■ Your task ■
Transcribe, exactly and without pictures, the lines below from the line with "Casa com 5 dormitórios" to the line with "Étiquettes Pour Bouteilles", both ends included, and no others.

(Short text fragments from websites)
○ ○ ○
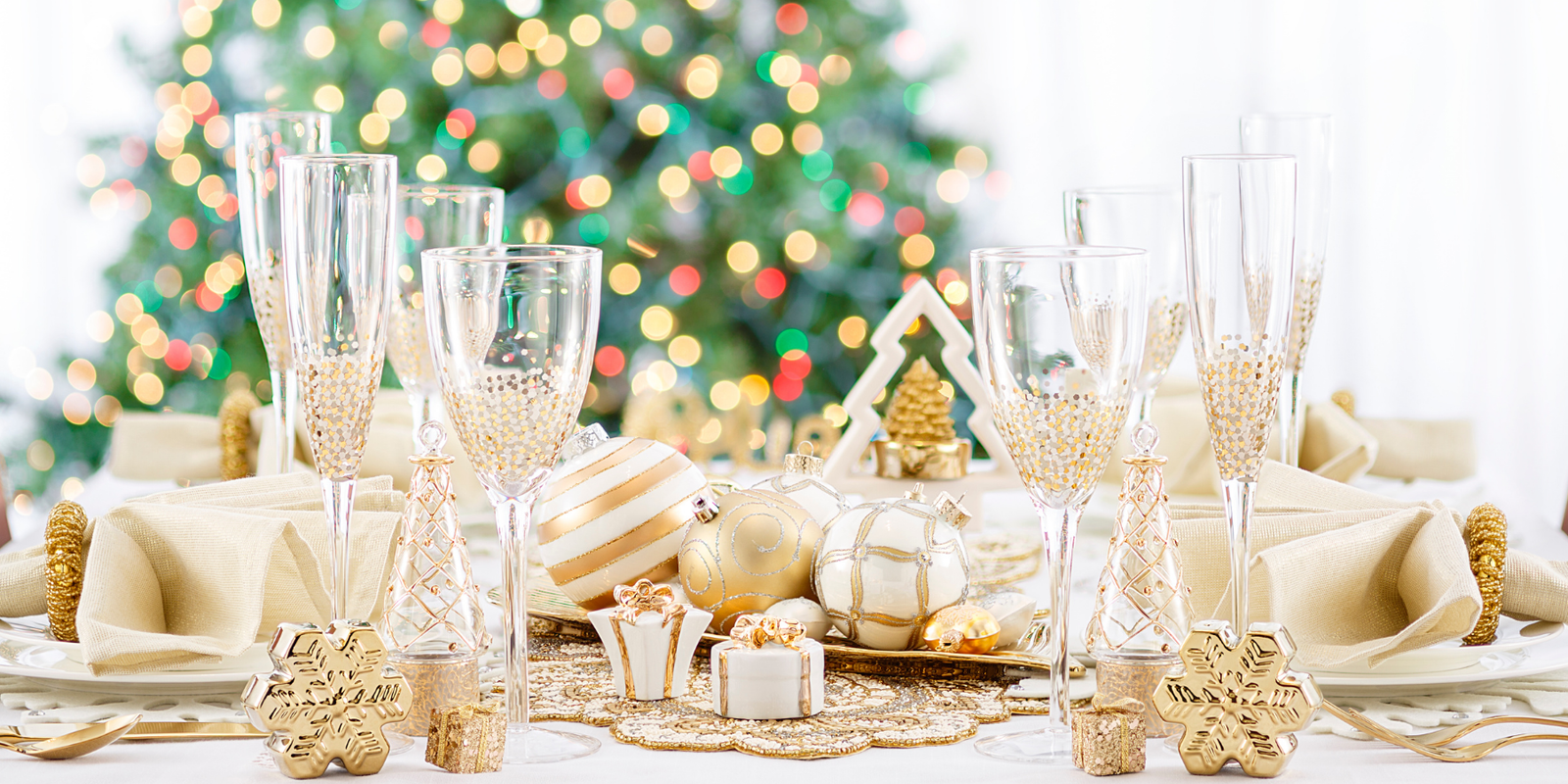 Christmas Dinner Setting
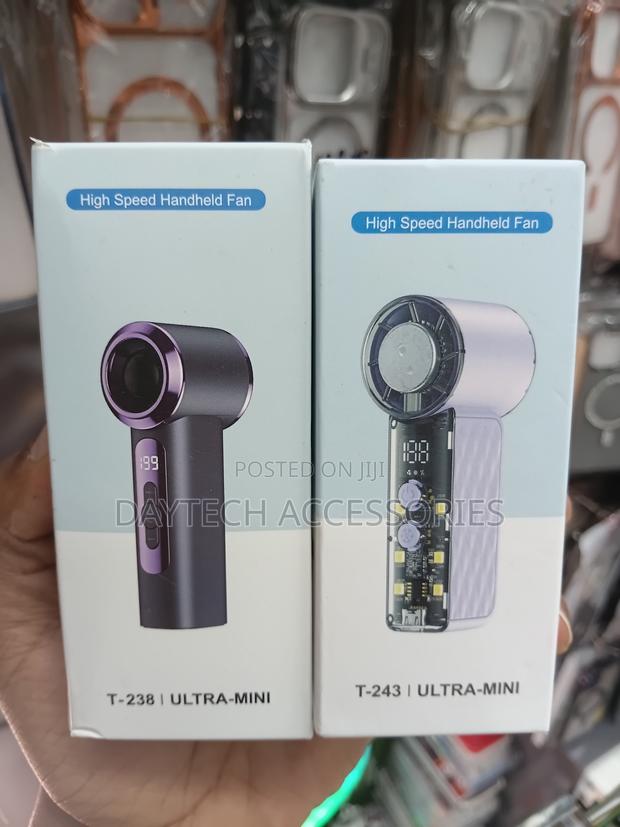 VoltEra Turbo High-Speed Handheld Fans. - main view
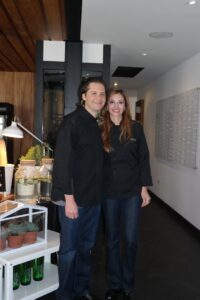 Roberto y Olivia de la Fuente chefs de Clio's.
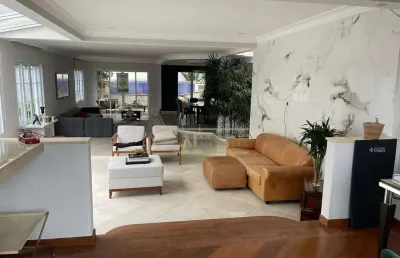 Casa com 5 dormitórios para alugar, 570 m² por r$ 21.000,00/mês - melville - santana de parnaíba/sp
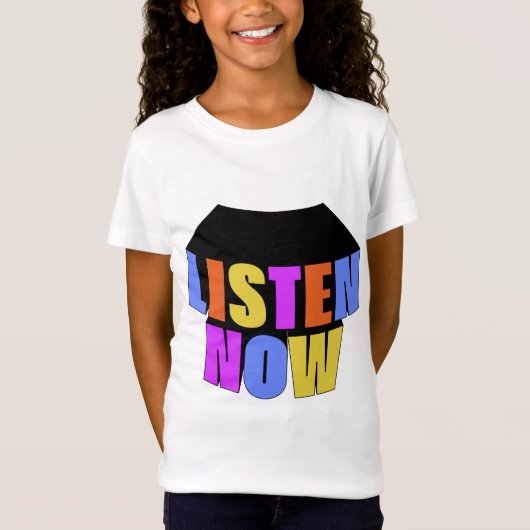 聞今すぐ:女の子のジャージ素晴らしTシャツ Tシャツ (正面)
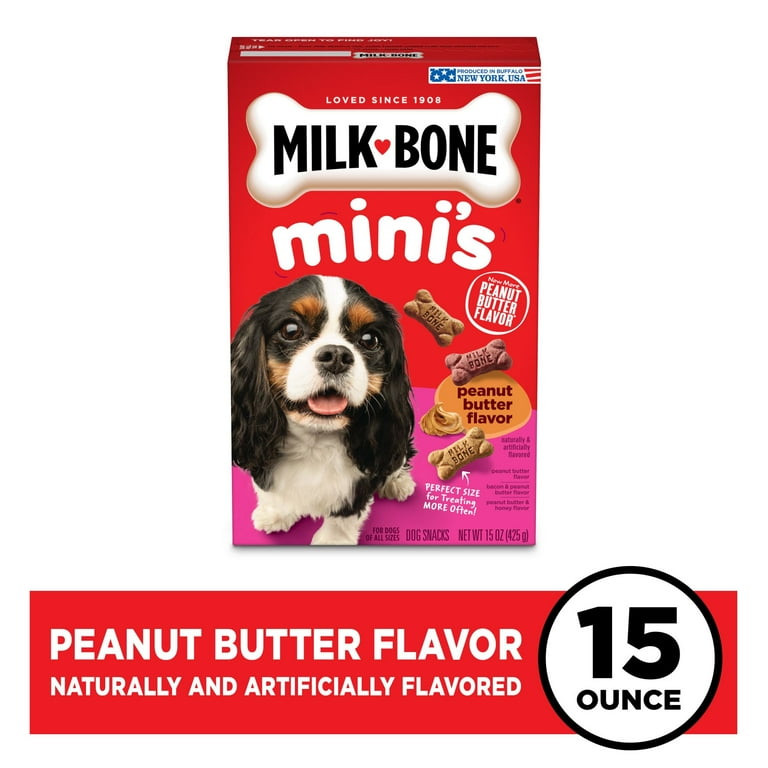 Milk bone mini peanut butter hotsell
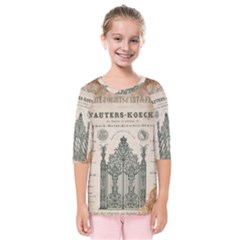 Building News Kids  Quarter Sleeve Raglan Tee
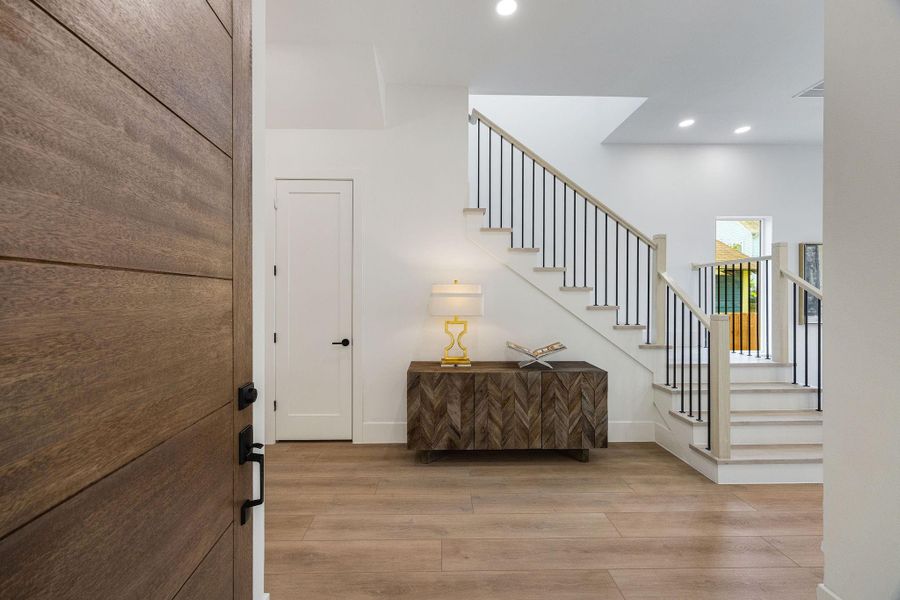 Furnished interior view inside a new home in , Houston (Image 32).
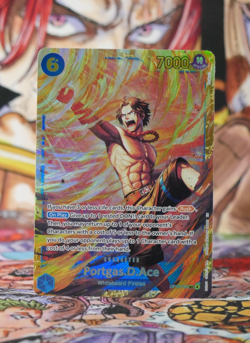 One Piece Card Game Portgas D. Ace OP13-119 SEC Carrying on His Will - English - Image 1
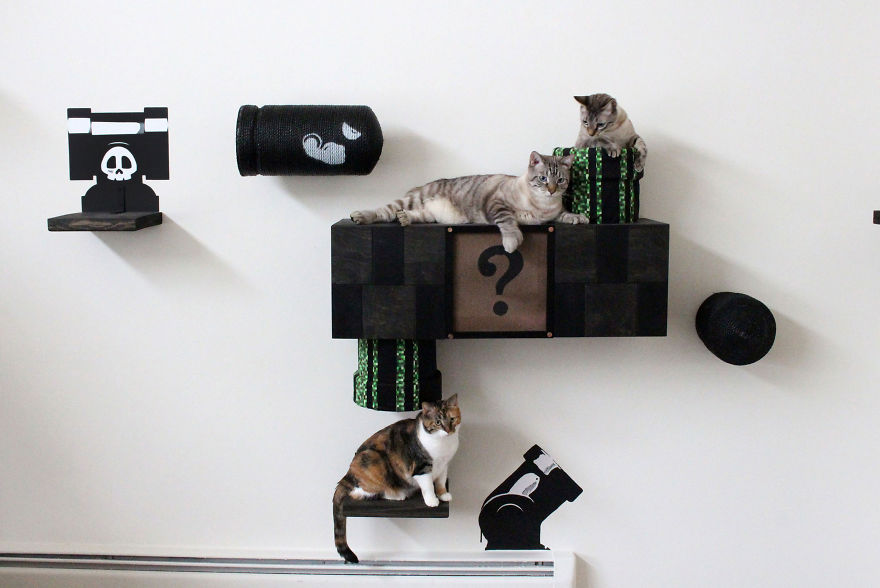 Un mur Super Mario pour chat un mur Super Mario pour chat 5 un-mur-Super-Mario-pour-chat-5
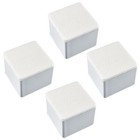 AUXBC 2 Inch Self-Adhesive Furniture Riser, Square Carbon Steel Bed Table Sof...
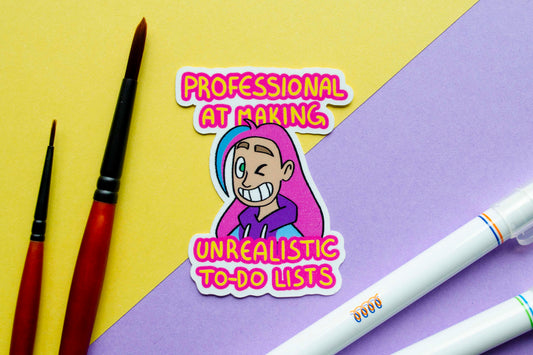 Professional at Making Unrealistic To-Do Lists - Vinyylitarra
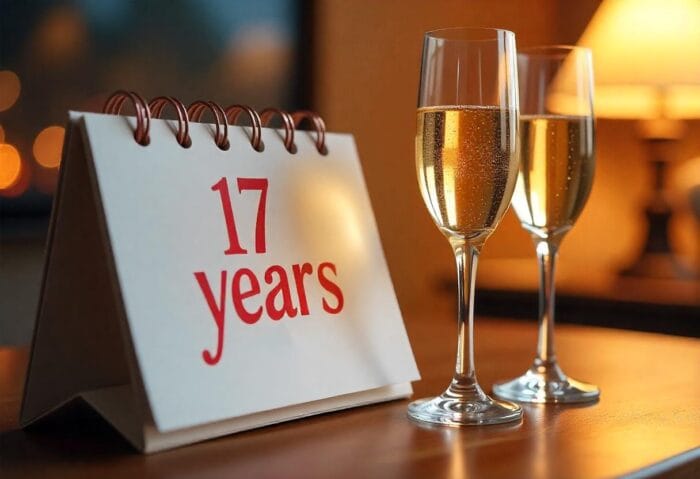 17th Wedding Anniversary Messages and wishes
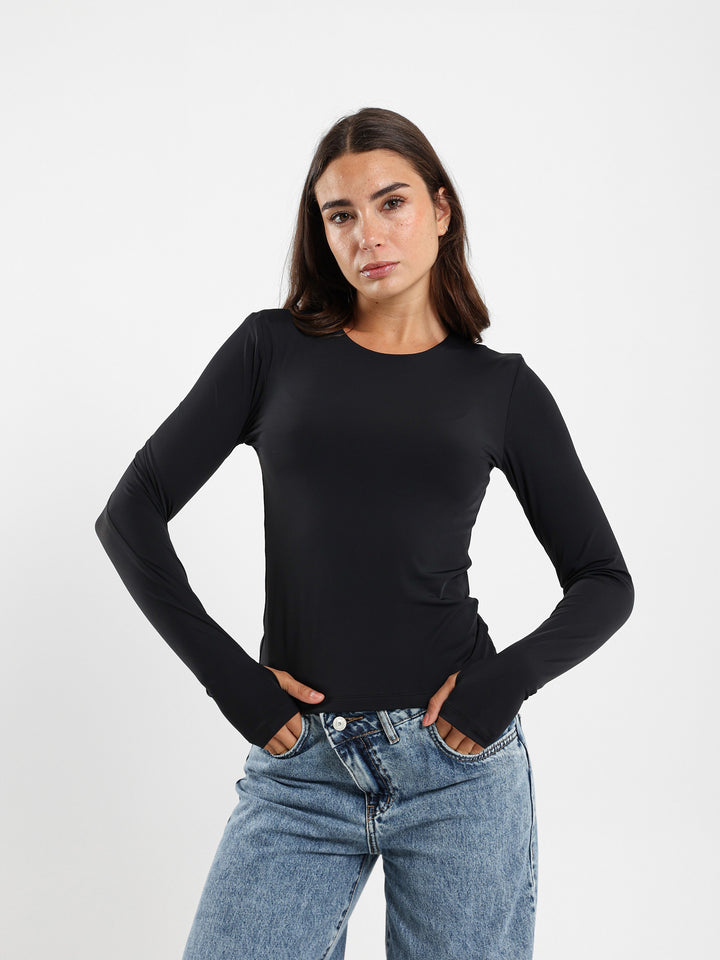 Basic Fitted Long Sleeve Top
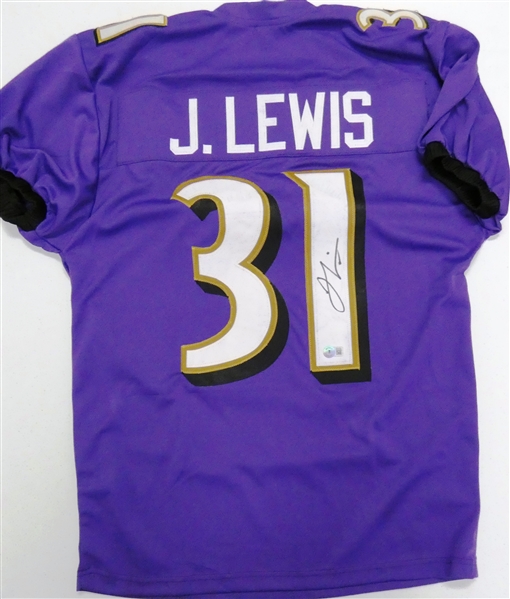 Jamal Lewis Autographed Custom Jersey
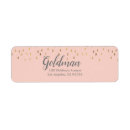 Search for raindrop return address labels Pink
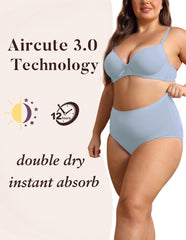 AIRCUTE cotton blend fabric close-up showing soft, skin-friendly material.
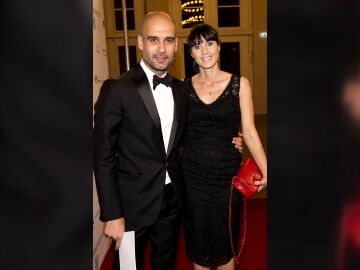 Pep Guardiola y Cristina Serra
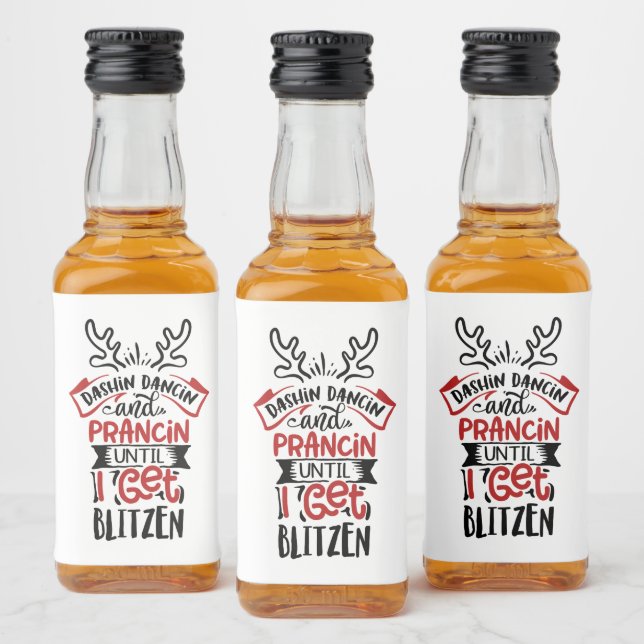 Étiquettes Pour Bouteilles De Liqueur Noël Blitzé mot art (Bouteilles)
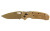 Hogue SIG K320 M17 M18 Folding Knife, Drop Point, 3.5" CPM-S30V Blade, Coyote Tan PVD, Ambidextrous ABLE Lock 36371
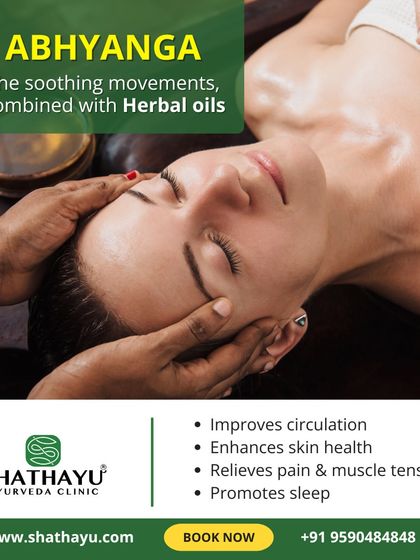 Abhyanga is a cornerstone of Ayurvedic wellness, combining soothing massage movements with warm, herbal oils. This therapy is deeply relaxing and offers numerous benefits, including improved circulation, enhanced skin health, and relief from muscle tension.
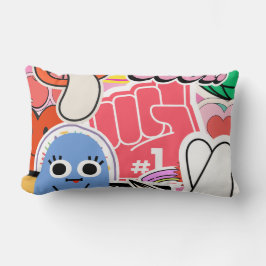 Y2K Stickers Cool Helle Ästhetik Lendenkissen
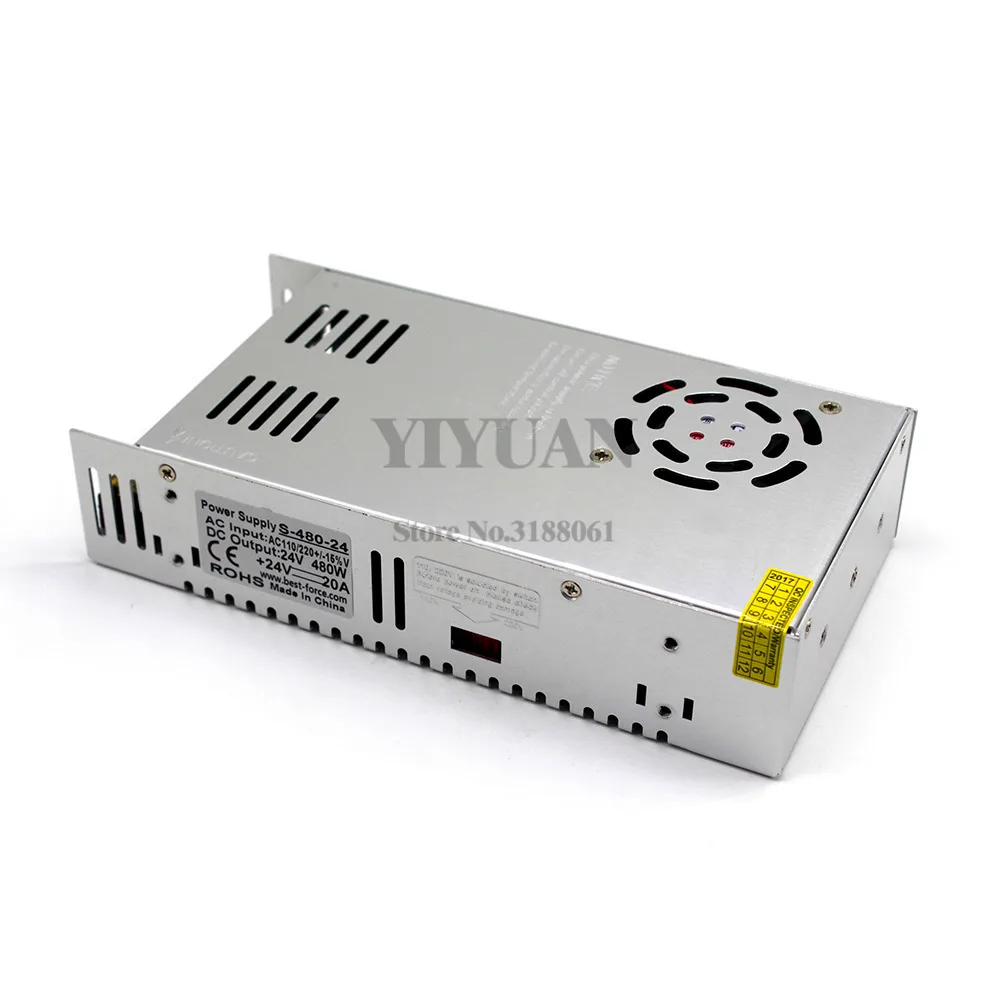 24V 20A 480w Led Power Supply Driver Transformer AC110V 220V To DC24V Adapter for Strip Lamp Light CNC CCTV Stepper | Обустройство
○ ○ ○
■ Task result ■
 Casa com 5 dormitórios para alugar, 570 m² por r$ 21.000,00/mês - melville - santana de parnaíba/sp
 聞今すぐ:女の子のジャージ素晴らしTシャツ Tシャツ (正面)
 Milk bone mini peanut butter hotsell
 Building News Kids  Quarter Sleeve Raglan Tee
 Furnished interior view inside a new home in , Houston (Image 32).
 One Piece Card Game Portgas D. Ace OP13-119 SEC Carrying on His Will - English - Image 1
 Un mur Super Mario pour chat un mur Super Mario pour chat 5 un-mur-Super-Mario-pour-chat-5
 AUXBC 2 Inch Self-Adhesive Furniture Riser, Square Carbon Steel Bed Table Sof...
 Professional at Making Unrealistic To-Do Lists - Vinyylitarra
 17th Wedding Anniversary Messages and wishes
 Basic Fitted Long Sleeve Top
 Jamal Lewis Autographed Custom Jersey
 Search for raindrop return address labels Pink
 AIRCUTE cotton blend fabric close-up showing soft, skin-friendly material.
 Pep Guardiola y Cristina Serra
 Étiquettes Pour Bouteilles De Liqueur Noël Blitzé mot art (Bouteilles)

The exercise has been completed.